Last week the world was plunged into shock when it heard the news that dozens of bodies had been recovered from the Mediterranean Sea, a day after the shipwreck that caused the deaths of up to 150 migrants. Eyewitnesses described harrowing scenes in the sea, in what a senior United Nations official called it “the worst Mediterranean tragedy” this year. Fishermen told AFP they saw bodies as they waded through the wreckage searching for survivors: “Bodies were floating on the surface of the water where the boat went down.” One survivor, Abdallah Osman, said the boat making the perilous journey from Libya started to fill with water about 90 minutes after setting out to sea last Wednesday night. Then its engine broke down. Over the following six hours, men, women and children began to drown. About 10.30 a.m. Anne-Cecilia Kjaer, a nurse activity manager at Médecins Sans Frontières (MSF), arrived at a military base at Khoms in Libya, where the survivors were recovering. “It was a very, very hot day. People were sitting against a wall to find some shade. They were barely dressed – some were wearing just a towel or underwear. They were just sitting in the shade, in shock.

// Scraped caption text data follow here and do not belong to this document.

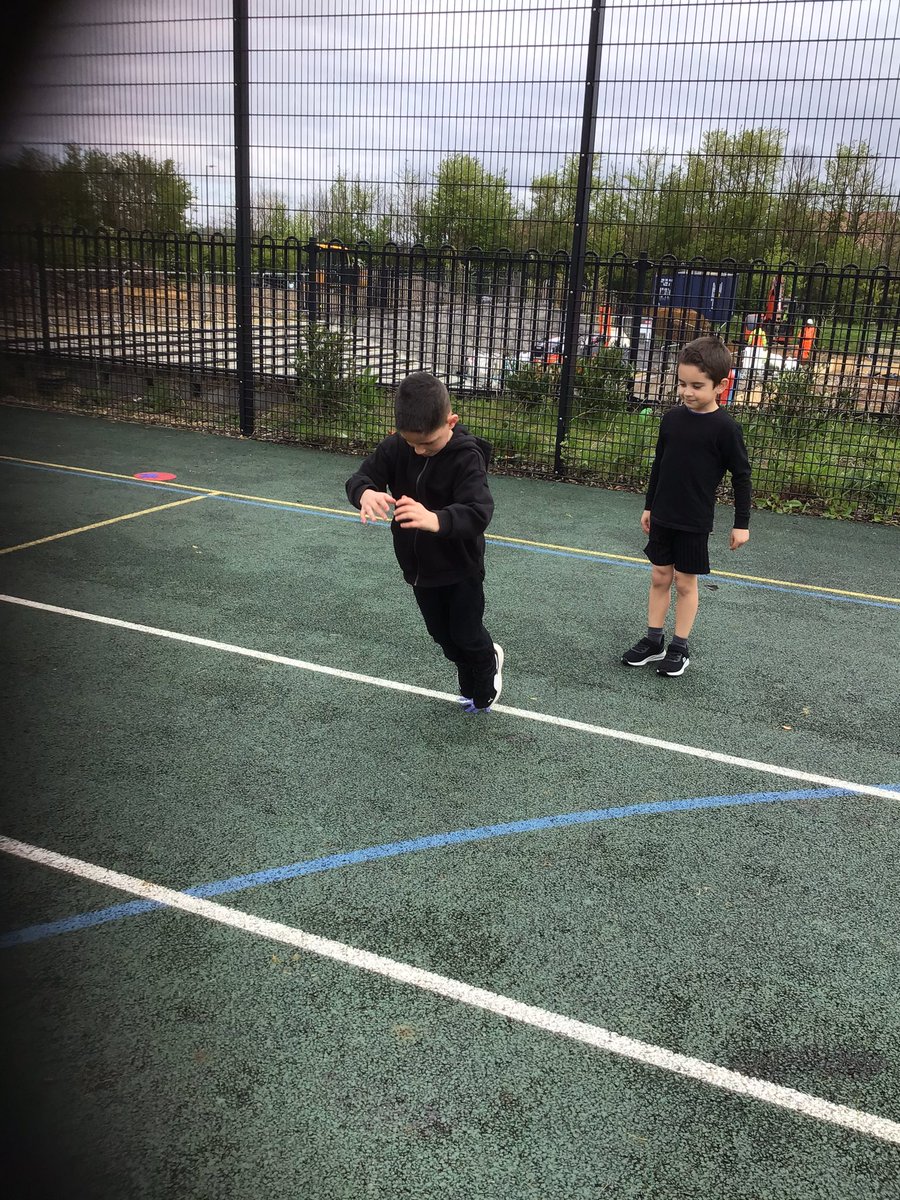 GRPAPlane's tweet photo. Plane class have enjoyed their PE lesson on athletics. We learned about the techniques in jumping using arms to propel us to go further! #GreenRidgeR2 #Athletic #Fitness https://t.co/mYJmJUmQUv
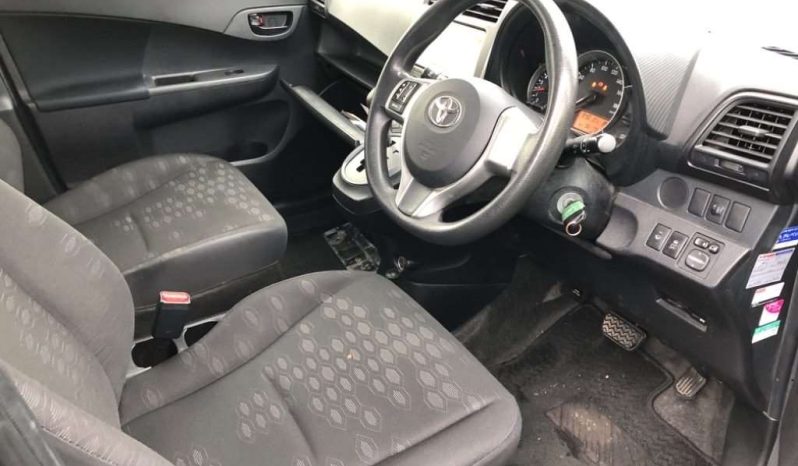 TOYOTA RACTIS full
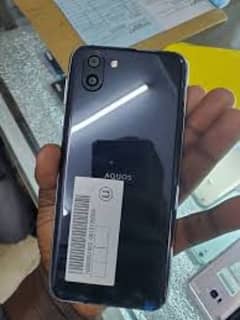 Aquos R2 Non pta saaf condition urgent sale 03436555386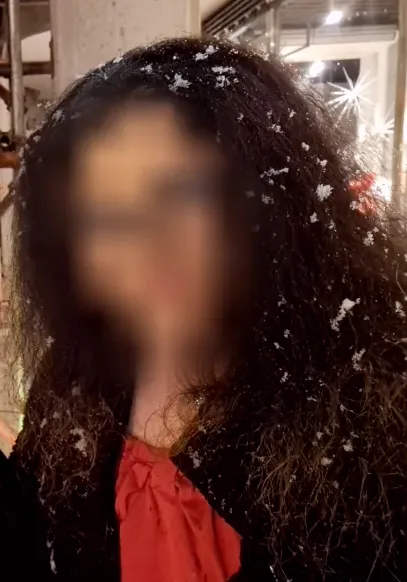 Claudia, 24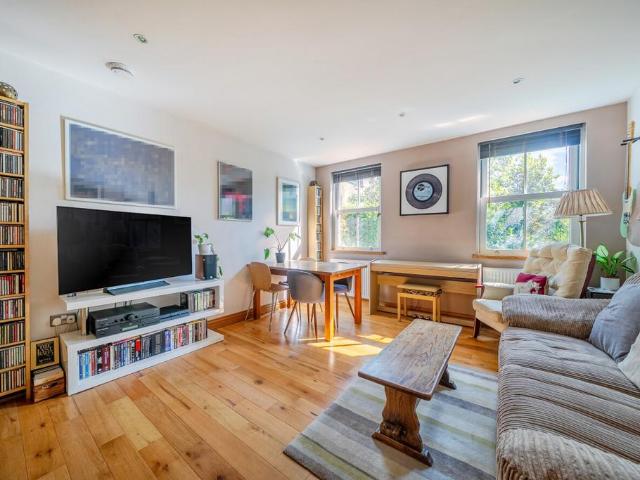 Flat for sale in West Norwood, Greater London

“One Sudanese, who was pulled out of the water, told our team that he had seen his wife and kids drown. He seemed aghast, just sitting there in shock,” The Guardian quoted her as saying.

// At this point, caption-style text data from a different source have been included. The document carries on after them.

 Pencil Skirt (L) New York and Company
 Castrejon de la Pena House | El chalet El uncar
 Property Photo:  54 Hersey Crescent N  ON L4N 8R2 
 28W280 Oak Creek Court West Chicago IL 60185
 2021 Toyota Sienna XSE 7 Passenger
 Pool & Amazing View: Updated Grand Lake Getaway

It is in the aftermath of this ocean horror or perhaps a Waterloo that the UN today marks the World Day Against Trafficking in Persons. According to the UN, human trafficking is a crime that exploits women, children and men for numerous purposes including forced labour and sex. Since 2003 the UN Office on Drugs and Crime (UNODC) has collected information on about 225,000 victims of trafficking detected worldwide. Globally countries are detecting and reporting more victims, and are convicting more traffickers. This can be the result of increased capacity to identify victims and/or an increased number of trafficked victims.
The UN says, almost every country is affected by human trafficking, whether as a country of origin, transit, or destination for victims. Traffickers the world over continue to target women and girls. The vast majority of detected victims of trafficking for sexual exploitation and 35 per cent of those trafficked for forced labour are female. Conflict further exacerbates vulnerabilities, with armed groups exploiting civilians and traffickers targeting forcibly displaced people. Data also show that trafficking happens all around us as the share of persons trafficked within their own country has doubled in recent years to 58 per cent of all detected victims, according to the 2018 UNODC Global Report on Trafficking in Persons.

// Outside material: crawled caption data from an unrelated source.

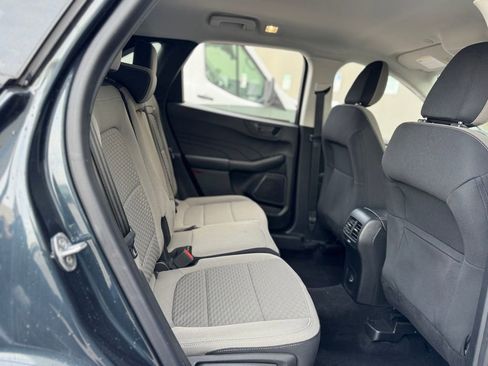 Used 2022 Ford Escape SE w/ Convenience Package image 31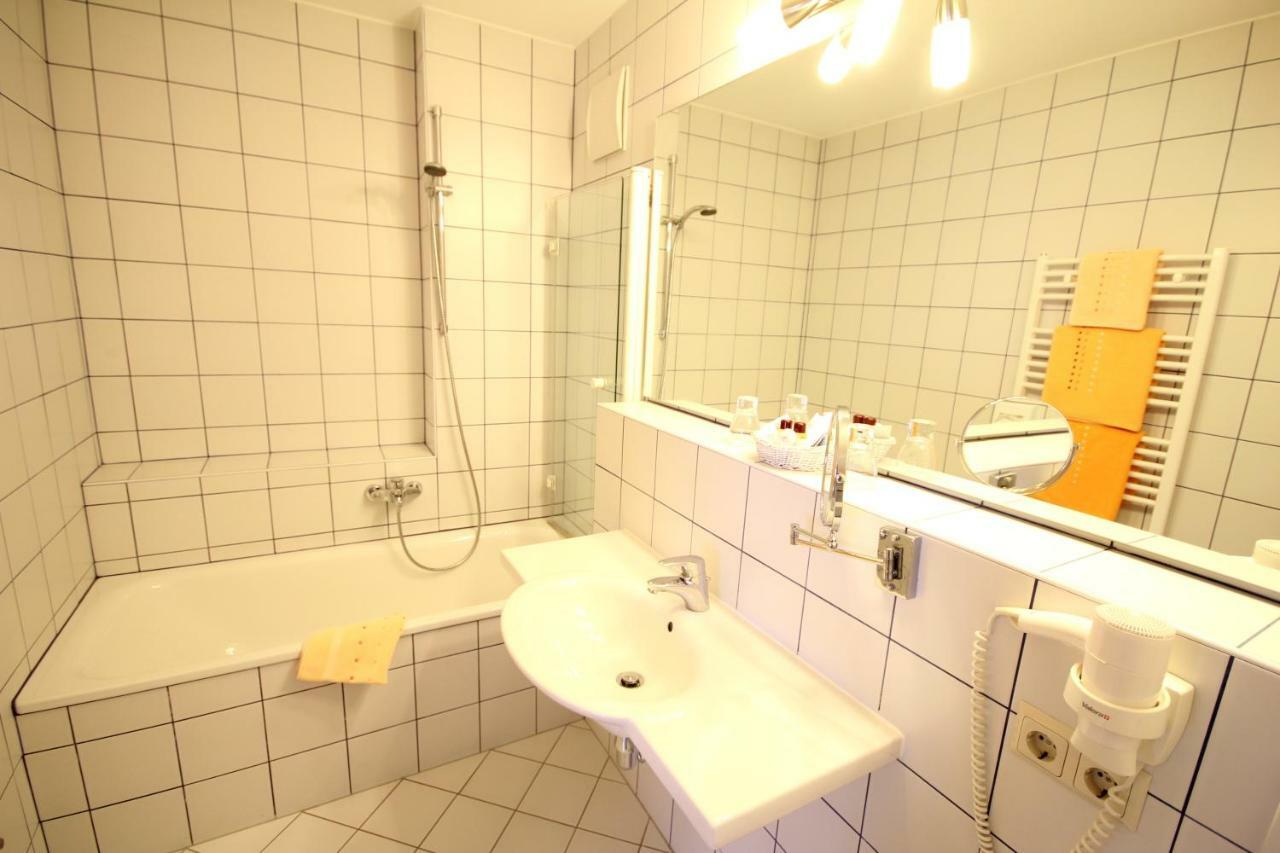 Carinthia Stadthotel Клагенфурт Екстериор снимка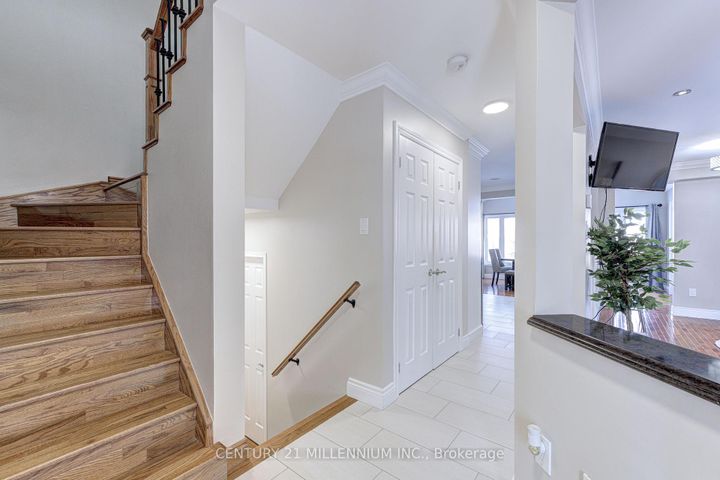 Photo 23 at 88 Eaton Street, Georgetown, Halton Hills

In 2010, the General Assembly adopted the Global Plan of Action to Combat Trafficking in Persons, urging Governments worldwide to take coordinated and consistent measures to defeat this scourge. The plan calls for integrating the fight against human trafficking into the UN’s broader programmes to boost development and strengthen security worldwide. One of the plan’s crucial provisions is the establishment of a UN Voluntary Trust Fund for victims of trafficking, especially women and children. The Trust Fund facilitates effective, on-the-ground assistance and protection to victims of trafficking, through grants to specialized NGOs. It aims to prioritize victims coming from a context of armed conflict and those identified among large refugee and migration flows, the UN says.
In this era of modern technology including artificial intelligence and robotic marvels, it is tragic that so many people, mainly women and girls, are trafficked by mafias. That is why Pope Francis has called on world religious leaders to unite and work together to combat and curb this grave crime against humanity- a crime which leads to catastrophes such as what we saw last week in the Mediterranean Sea. This mafia reduces people to the level of commodities like heroin or other narcotics and the world if it respects human dignity, cannot allow human smuggling to continue.
Tackling this crime, of course, would involve addressing its root cause which is the inequitable distribution of wealth and resources, with some ten per cent comprising super-rich and the ruling elite controlling about 70 per cent of the world’s wealth while about 40 per cent of the people are wallowing in stark poverty.